Should a merger happen, the move would leave Caterham as the sole remaining newcomer from the crop of three teams that entered F1 in 2010. Caterham joined F1 three years ago as Lotus Racing before switching names at the beginning of last year. A Marussia-Sauber marriage would also bring the total number of teams to fold or leave F1 to four in the past six seasons.
Unfortunately, F1’s money troubles likely won’t stop there. While Caterham continues to survive at the back of the grid, it will take a big hit in 2014 because it finished behind Marussia this year in last place among constructors. That alone could cost it several million dollars since it will receive a significantly smaller portion of the television revenue pie that F1 ringmaster Bernie Ecclestone doles out to the teams.
Williams will also be hurting after losing Maldonado’s millions to Lotus. The team is thought to be on the razor’s edge when it comes to finances, and losing approximately half its annual income will not bode well for the once-mighty operation.

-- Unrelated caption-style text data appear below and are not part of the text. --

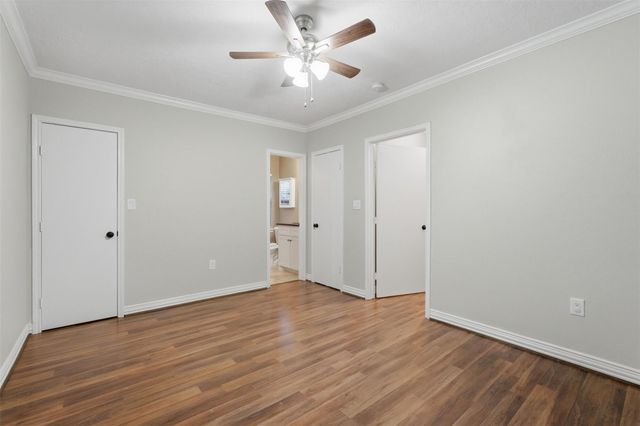 4406 Marlborough Drive, Houston, TX 77092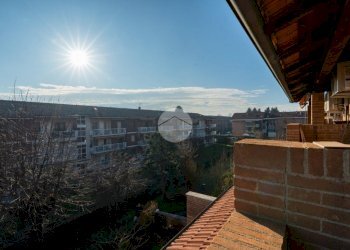 Quadrilocale Vicolo san pancrazio, Druento - foto 36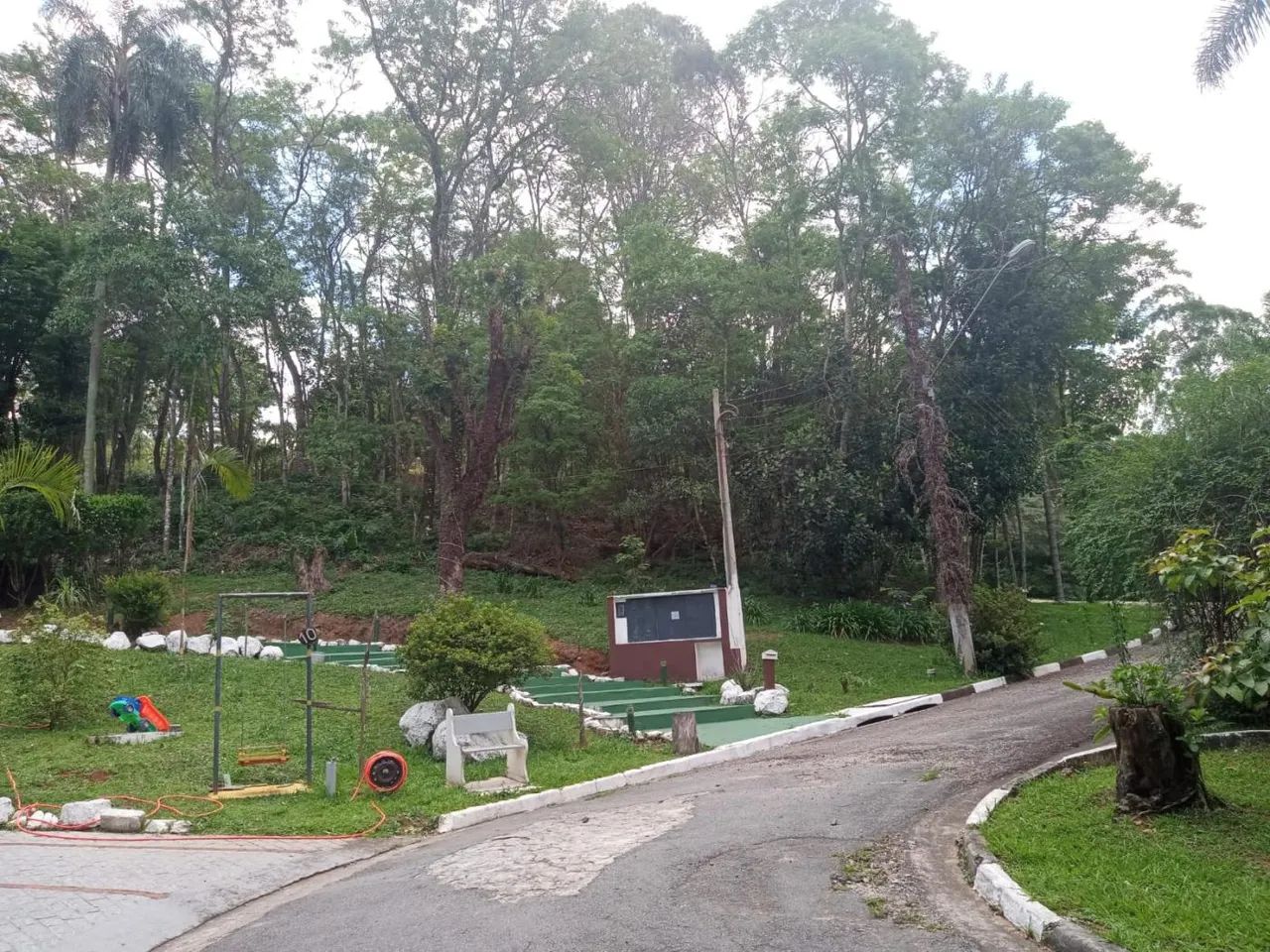 Terreno em Condomínio para Venda em Jandira, Parque Nova Jandira - Foto 3
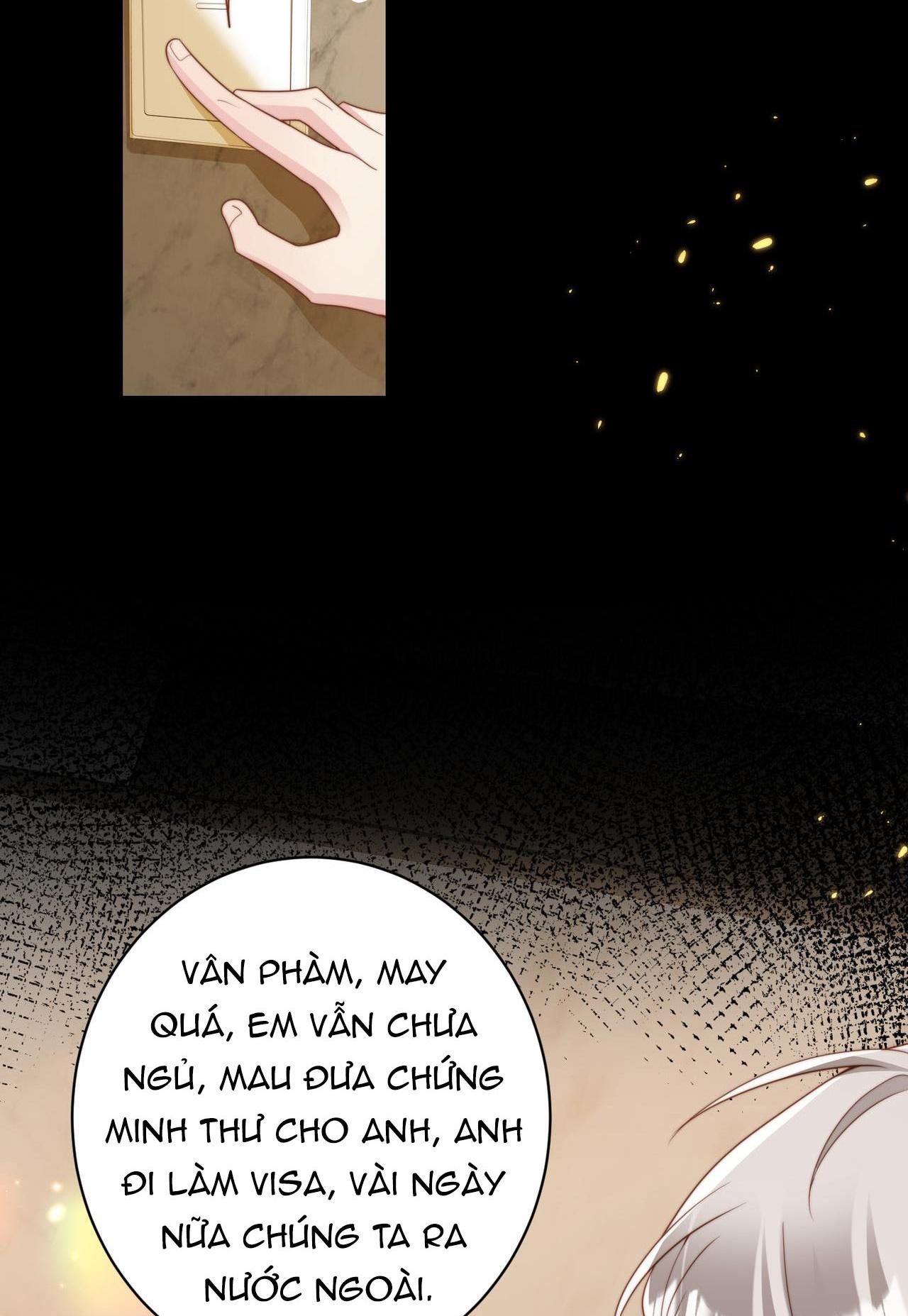 sau khi giả mất trí nhớ, tình địch nói tôi là bạn trai của hắn chapter 43 48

To make matters worse, Williams finished one spot lower in this year’s standings compared to 2012, which means it will also get less TV cash from Ecclestone.
These high-profile woes may be the reason F1 is once again talking about having the big teams supply cars to the lower ranks. The idea of three-car teams has also been raised.
In addition to teams running into trouble, several tracks have had their share of difficulties. The famed Nurburgring Circuit almost didn’t host the German Grand Prix this year due to its financial situation, while the Silverstone Circuit in Britain continues to struggle under debt.
Unsurprisingly, the on-again, off-again race in New Jersey won’t happen for the second consecutive year due to financial issues. The race was supposed to make its debut on the F1 calendar in 2013 but was pushed from the schedule after it became obvious the facility would not be ready. The rescheduled maiden grand prix set for next summer was left off the 2014 calendar approved by the World Motor Sport Council earlier this week.
Although Ecclestone continues to believe the race will happen, he is more or less alone in this view. A planned race in Mexico City was also left off the calendar, as were the existing stops in South Korea and India. Russia and Austria were the additions. The 19-race schedule begins in Australian on March 16 and ends Nov. 23 in Abu Dhabi. The Canadian Grand Prix goes June 8 in Montreal.
Something that could really boost the series fortunes and help turn things around for several teams would be success in the lucrative U.S. market, which has eluded F1 in the past three decades.
Despite New Jersey’s false starts, the race at the Circuit of the Americas near Austin, Texas seems to be promising in that regard. It has turned out to be a pleasant surprise for F1, bringing in more than 117,000 fans on race day for its debut last year and following that success with more than 113,000 for its second grand prix last month. That decrease of about 4,000 on race day from the maiden grand prix is about the best news F1 could get, as a significant softening of crowd numbers in the second year is usually expected.
Unfortunately, just as F1 seems to have a toe-hold in the U.S. in Austin, it shoots itself in the foot by scheduling the 2014 grand prix on Nov. 2, the same day NASCAR’s Sprint Cup will be running a Chase for the Cup race at the Texas Motor Speedway. The speedway is in Fort Worth, about a three-hour drive from Austin.
So far, having the F1 race clash with the NASCAR season finale in Miami for the first two races in Austin hasn’t hurt the crowds for the grand prix. But having the NASCAR Cup down the road where it pulls in the two largest single-day crowds in the state every year might be a bit more problematic.
But with Austin already defying the odds with its first two grands prix, many in the paddock will be hoping the third time is lucky too.